**WHAT IS EXPECTED**
Whatever comes before the line containing "Una foto de Caldo de lentejas con verduras" stays out; transcribe that line and all that follow to the end of the records exactly, with no pictures.

**DATA PROVIDED**

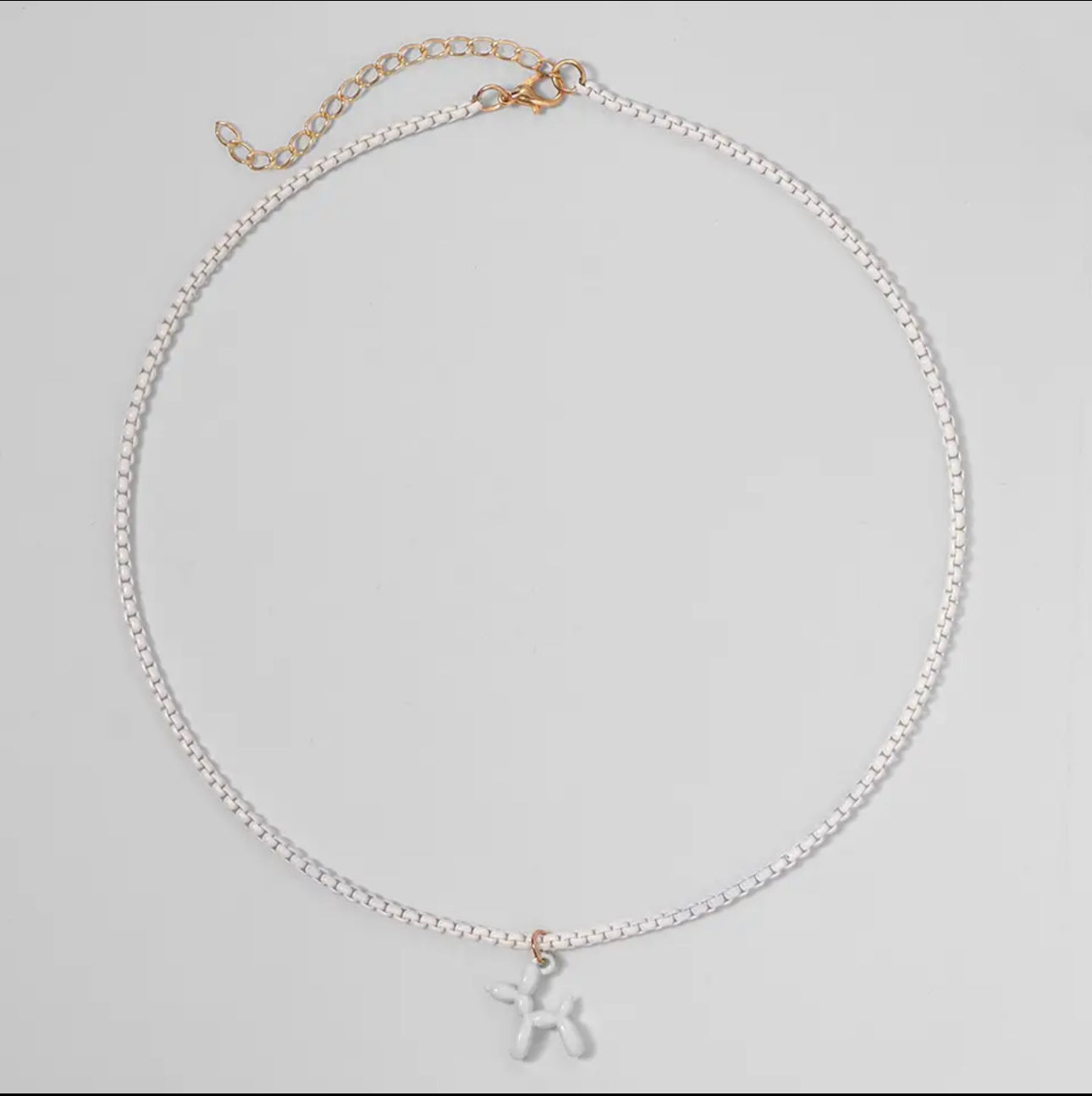 Collar minimalista con dije de perrito de globos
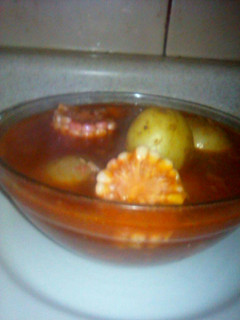 Una foto de Caldo de lentejas con verduras
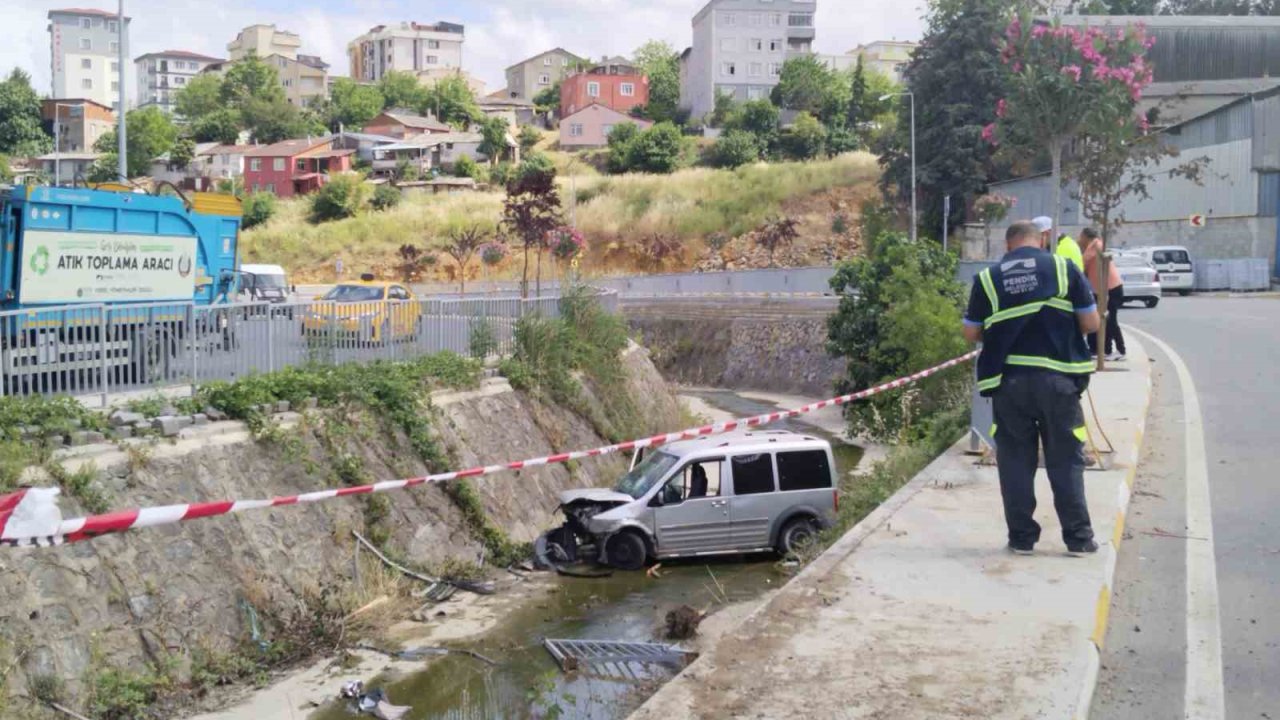 Pendik’te direksiyon hakimiyetini kaybeden sürücü su kanalına uçtu: 1 yaralı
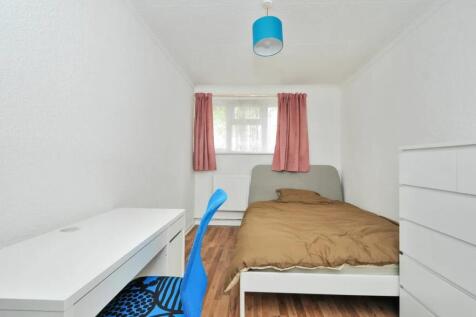 A neat and well-maintained single bedroom featu...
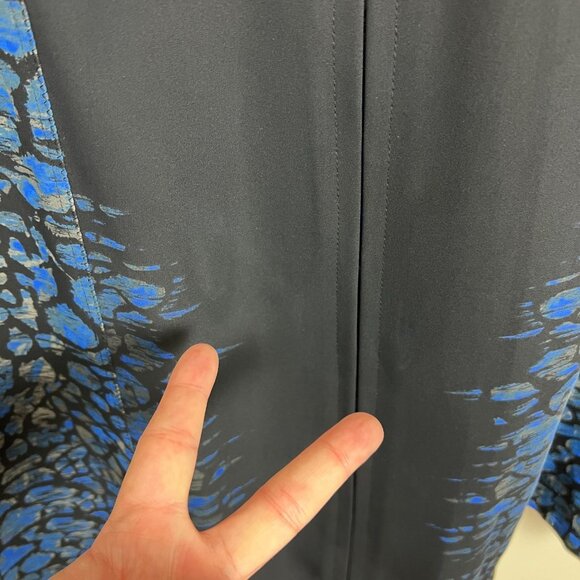 T Tahari Dress 12 Black Blue Abstract Pattern Mesh V-Neck A-Line Fit N Flare - Picture 5 of 14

**RESULT FOR THIS TASK**
 Una foto de Caldo de lentejas con verduras
 Pendik’te direksiyon hakimiyetini kaybeden sürücü su kanalına uçtu: 1 yaralı
 A neat and well-maintained single bedroom featu...
 T Tahari Dress 12 Black Blue Abstract Pattern Mesh V-Neck A-Line Fit N Flare - Picture 5 of 14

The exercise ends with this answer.